No matter. We're happy to wait for that special someone to come along.
Young-hae and Marc
On 5/13/05 8:51 AM, "Russell Smith" <Russell.Smith@anu.edu.au> wrote:
Yes, lots of love from me too.
I was captivated by Young-hae and Marc's work the first time I came
across
"The Struggle Continues" about a year ago. For me the strength of the
work
is above all in the writing: I always show this work to students who
ask
me
who I think are the most interesting contemporary writers around. And I
guess the other thing I like about it is it's not interactive in any
dumb
'new media' sense; if people can't stop fidgeting with their mouses for
five minutes to take in a bit of art then I guess that's their loss.

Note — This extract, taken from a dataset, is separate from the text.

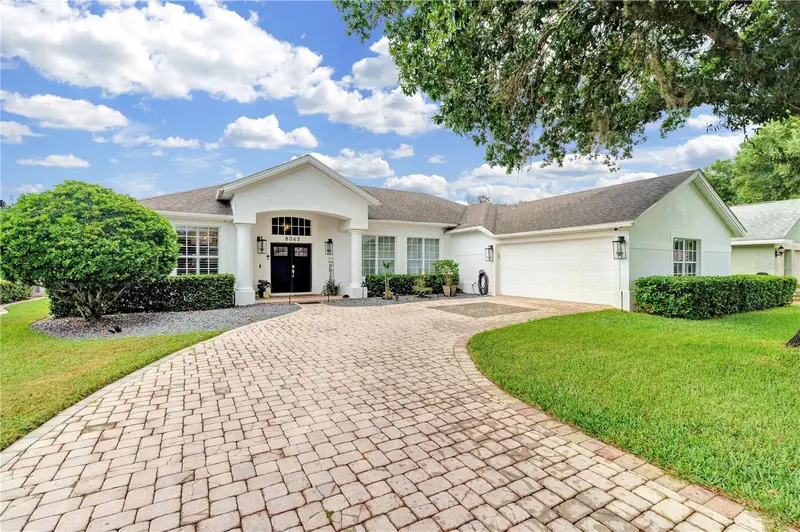 8063 Laurel Ridge Dr, FL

With the pounding repetition, lyrical aggression, and general
hilariousness, the texts remind me above all of Thomas Bernhard and
Samuel
Beckett (about the highest compliment I can make!). Young-hae and
Marc -
I'm sure you won't answer if you don't want to, but would you care to
comment on literary influences?
Regards
Russell Smith
--
At 04:09 PM 5/12/2005 +1000, you wrote:
I experienced Young-hae and Marc's 'engaged work' as a form of
dialogue,
true communication (I am still contemplating that the basis of it was
possibly 'unconditional love'). The fact that it was art as well was
kind
of secondary to me (although I was very much aware of it). I saw it
as
a
way to escape narrow-mindedness/stupidity/rigidness/etc. (mine own as
well
as the one of 'other') through dialogue, exchange - you do need to
kind
of
'train' yourself in selflessness for that. I personally love 'true'
'stupidity', I see it as one of the basic elements of life - and when
it
is put in relevant context it becomes really beautiful. Therefore, my
personal response to their work was related to the 'moment' in time,
or
rather quite accidental on one level, but one could also argue that
all
art (or awareness of art) is in a way an 'accidental event'.